An Invitation to You:
If you're in a season of overwhelm, can you practice asking God to give you what you need just for one day? Some days, it may be stepping up to take the wheel. Others, it may mean relinquishing it by asking for (or accepting) help. Consider what it could look like to cede control and depend on someone else for a while.
Food to Try
On regular rotation: Kid-friendly almond flour pancakes by Love and Lemons
Food for Thought
I just discovered Stephanie H. Murray's work and I loved this piece, and in particular, this quote, on the parenting issue that government policy cannot fix:
There is a cultural weight dangling from the yoke of modern American parenthood — one that is probably beyond the government to alleviate. The very same logic of self-sufficiency that rationalizes our anemic family policies — "Don't have kids if you can't afford them" — underpins our social expectations for children, and by extension, parents. It echoes in the grumbling about unruly kids disturbing the tranquility of public life and the censure of incompetent parents unwilling or unable to manage them.

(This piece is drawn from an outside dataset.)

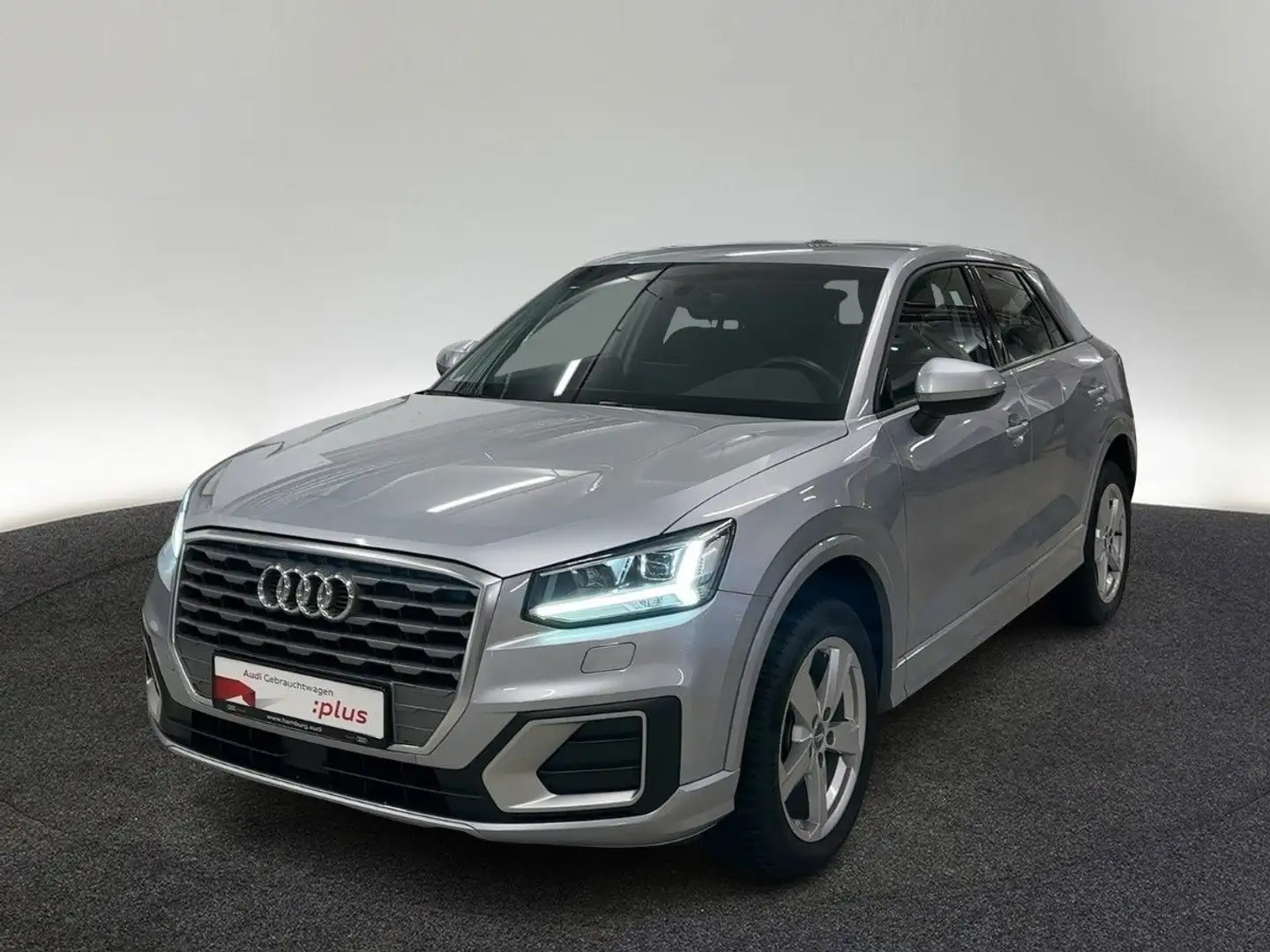Audi Q2 35 TFSI sport S tronic NAVI/LED/KLIMAUTOMATIK Silber - 2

I’ve really been enjoying Luke Burgis’s Substack newsletter Anti-Mimetic, especially this piece:
The older I get, the more I realize that my life is less about what I do, and more about my ability to receive or be affected.
Maybe part of the reason why I’ve been down is because so much of the “cultural analysis” I read seems devoid of love. And without love, everything sounds like clashing symbols. We lack the love which orders the symphony. But the symphony is still being played, if only we have the ears to hear it and the will to tune in.
Finally, I found this piece in Our Sunday Visitor fascinating, re: why this particular person stopped watching The Chosen:
I believe the Gospel is more a world to inhabit than just a message to receive. It matters very much that we find our home there, with and around Jesus. We must learn how to navigate that world. We do not learn how to navigate so well if it has been navigated for us in advance. Even more, that world of the Gospel is to shape the space of our minds and hearts rather than being filtered through a machine that shows it to us. It is a matter of the kind of people the Gospel makes of us.
What I'm Writing
Thanks to Catholic Women in Business for sharing my thoughts on a virtue I am struggling to learn: fortitude.
Until next time, with love,
Alex
Alex, your story about the wasp brought back a VERY VIVID memory of driving with a friend during high school when a cockroach started CRAWLING UP THE LEG OF MY JEANS (on the inside!) and it’s a straight up miracle that I did not crash my (very cool 🤣) station wagon!!
Really enjoyed reading this!
This is FANTASTIC writing, Alex! Truly phenomenal work.